At any rate, one of them mated with her. My male that I just gave back was not with her at the point she would have had to have gotten pregnant (early Jan).


----------



## Daniel (Jun 24, 2013)

Starting to think I was off on the first sexing...looking at them again, I swear that 5 of them seem to have 'nipples' mainly by their armpits (thought I cannot tell with their mid sections) and the anus and genitals seem very close...or is common at 6-7 days to be mistaken on this? 

A female heavy litter would be bad as I can probably only keep one.


----------



## Daniel (Jun 24, 2013)

I will get new pics here once their fur is a little more in, but I was able to (pretty positively) sex them today:

Baby 1 - PEW - female
Baby 2 - Grey/lilac - female
Baby 3 - black - female
Baby 4 - Siamese? 1 - female
Baby 5 - Siamese? 2 - male
Baby 6 - golden agouti - female

I want to wait a couple more days for their coats to come in; I am not 100% sure about the coats of the possible Siamese or of Baby 6, whose color is very light still. 

The 2 Siamese babies have a slightly darker yellow fur like their agouti sister, but they have dark tails and very dark noses/ears. I am no expert, but I couldn't figure out what else they could be with that coloring. Baby 6 is like them but without the dark points and slightly lighter colored fur..


----------



## Daniel (Jun 24, 2013)

I really would like to find homes for at least 3 of the females. I have no preference (at the moment) save for I'd really like to adopt out the black one in case she ends up looking too much like mom.


----------



## Awaiting_Abyss (Jul 24, 2012)

Definitely no siamese in the pictures. They are a light creamy brown color. Siamese and burmese don't get dark points other than the tail until they molt at 10 weeks.


----------



## Daniel (Jun 24, 2013)

Awaiting_Abyss said:


> Definitely no siamese in the pictures. They are a light creamy brown color. Siamese and burmese don't get dark points other than the tail until they molt at 10 weeks.
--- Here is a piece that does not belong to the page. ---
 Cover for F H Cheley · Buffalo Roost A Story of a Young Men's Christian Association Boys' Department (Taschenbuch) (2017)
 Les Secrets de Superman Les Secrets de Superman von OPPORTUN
Then what do you think they are?


----------



## Awaiting_Abyss (Jul 24, 2012)

Nutmegs.


----------



## Daniel (Jun 24, 2013)

Awaiting_Abyss said:


> Nutmegs.


Ah ok thank you. I guess we know who the father was then. 
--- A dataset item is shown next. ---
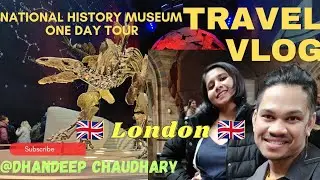 National History Museum / London / One Day Tour / @dhandeepchaudhary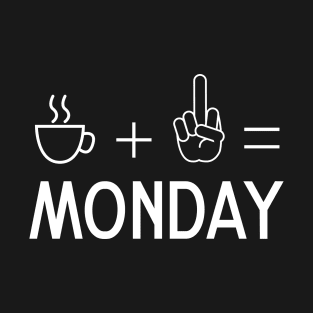 Coffee Middle Fingers Monday T-Shirt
I did luck out in one aspect though - none of the babies are the same. Only 2 have the same fur, and they are different sexes.


----------



## Awaiting_Abyss (Jul 24, 2012)

Actually if there is indeed a pink eyed white in the mix (it could be a dove though) then the father is the PEW, since they carry the white bellied gene. If there is not a pew baby, then the father is probably the nutmeg, since black and nutmegs are self bellied colors.If the PEW was the father then the "nutmegs" could be nutmeg or DEH. I don't see an agouti.


----------



## Awaiting_Abyss (Jul 24, 2012)

Can't edit..PEW can be aa or A* so the PEW could still be the father if he carries a recessive e.


----------



## Daniel (Jun 24, 2013)

Tried to get pics of the 2 girls that I am not 100% on.

You were right that more were not black eyed. The golden one in this pic is pink eyed, but now that I look at the white one she appears to have ruby or even black eyes (so a REW then?). I may have mixed these 2 up before the golden one's fur started to come in. She lacks the dark points of her brother and sister.


----------



## Daniel (Jun 24, 2013)

Figured I may as well do the others. 

These pics made the possible DEH's points look lighter than they appear to my eyes (my camera has a too bright flash)

















No mystery with the last 2, though I imagine that grey one could molt at some point.


----------



## Daniel (Jun 24, 2013)

Other side of the DEHs 









Their feet, tales, ears and the area around their noses are dark.


----------



## Awaiting_Abyss (Jul 24, 2012)

The first two are pink eyed white and red fox (if it has a solid belly). REW requires two recessive gray or "g" genes, and though it is possible, its unlikely that both parents carried one.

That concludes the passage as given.